Privacy is a big deal for most people.

Like the dictionary says -- it's the state of being apart from company or observation. It's seclusion. It's freedom from unauthorized intrusion.
Many of my friends are adamant, passionately upset, that Facebook and Google are selling their data to advertisers or to the National Security Agency (NASA).

I am not -- what I write in an email, say on the phone, post on my blog, share on Facebook and tweet isn't seditious, pornographic, or about buying/selling drugs.

Okay, I don't use a smartphone or tablet, but I have desktops and a laptop and they could be invaded, accessed by NASA, or some advertisers.

Well, so what? I express how I feel. It's me, I am proudly me. What harm could come to me, or to you, if private something-or-other things are used?

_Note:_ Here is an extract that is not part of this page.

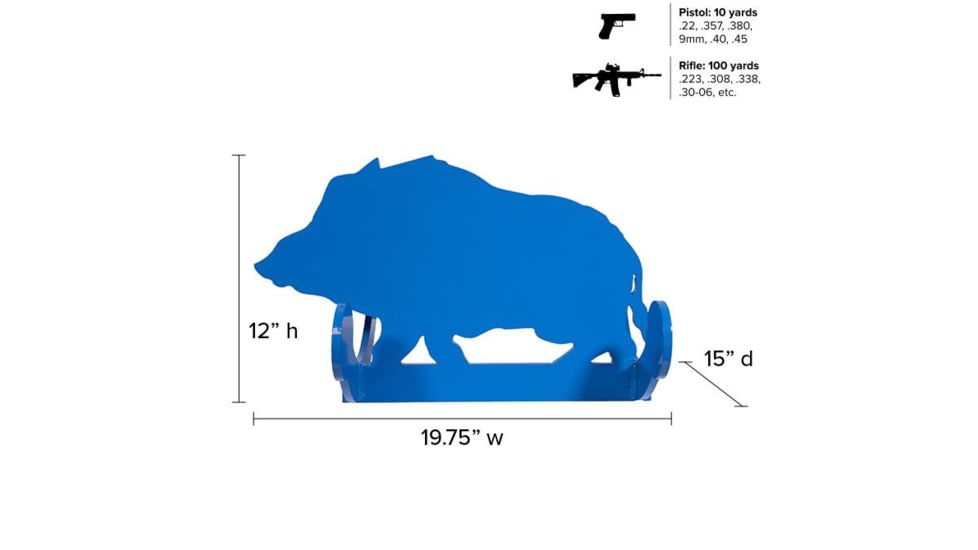 Legion Targets Rockin Boar 3/8in AR500, Blue, AR-01NK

I read this to my husband, John Cullum. He said, "Lots of people don't agree with you," shook his head worriedly, and added, "I would NOT like my personal data being used or sold."


Okay, please explain to me, "What are YOU saying, doing, revealing on your various communication devices that could be harmful to you, if this personal data is used or sold?"

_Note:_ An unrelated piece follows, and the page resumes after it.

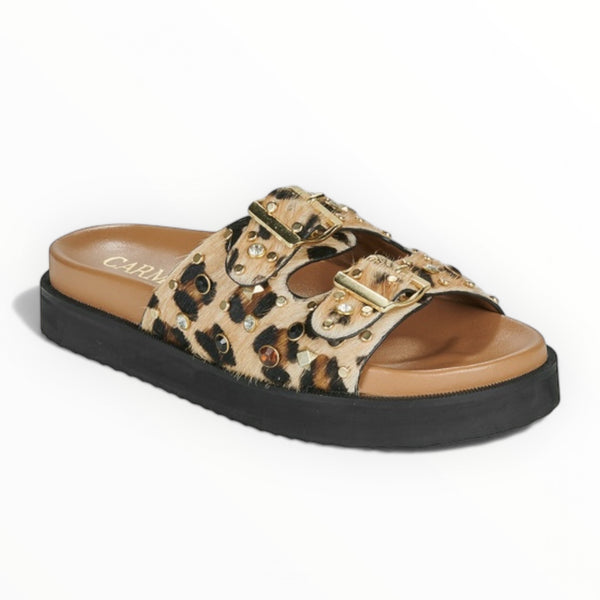 Carmela Leopard Print Embellished Sandals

If it could be harmful to you, why oh why share it?  Get together with a friend, or a trustworthy pal, and talk.

Hey, talking is ... well, being with someone face to face and exchanging words and ideas is ... well, it's an easy, natural, normal, helpful thing you can do without wondering about stuff like privacy.        

Wednesday, July 8, 2015


Emily Frankel wants to know what John Cullum would FIX if he had a magic wand -- of all the things that need fixing in our country, what would he fix first?

He says, "Fix potholes..." and John is into a list of issues.

Emily says she'd fix education.

John and Emily mention many things they want to fix, but what's first?

Sunday, July 5, 2015


Golly, I love this photo.

John Cullum, my husband, was in costume, on the set for the movie "1776," that Peter Hunt directed. Was this photo a shot from the movie?

The candle on the table, the shoulders seen on each side of John indicated that other cast members were sitting with him -- the photo said it was John as "Rutledge," the senator from South Carolina, listening to John Adams while thinking about his own vote.

I guess I love the photo because the look on John's face was so real -- so typical -- my husband was thinking, planning, contemplating what? My private thought was that my husband, while waiting for his cue as Rutledge, was thinking about the song he was about to sing.

John told me that this scene in the movie had been done as a long shot -- cameras and lights repositioned for the medium shot and filmed again -- the set up was again changed for the closeups -- he'd already sung "Molasses to Rum" twice. He told director Peter, "Better get it this time, I've just got one more "G" in me."

(JC told me just now that if I listened to the film again, I'd hear how he "slipped into the high note, that "G." He's a Baritone -- a G can be tricky.)       

Wife, fan, lover of John Cullum, loves that photo of the man she fell in love with at first sight, the guy who had evolved from a very good looking, handsome, leading man on a stage, a leading man who could rivet an audience -- into a man who could truly star in a show and draw thousands of theatergoers. Yes, wife Em WAS, IS enthralled by this John in that moment, in that marvelous film, stunned, by the power in him, artist, musician, singer, actor performer that he is.

Hey, I'm a blogger -- why am I jabbering about private thoughts?

I'm doing it to remind you that people with whom you are intimately involved change, grow up as you change, and viewing them freshly grows you up too.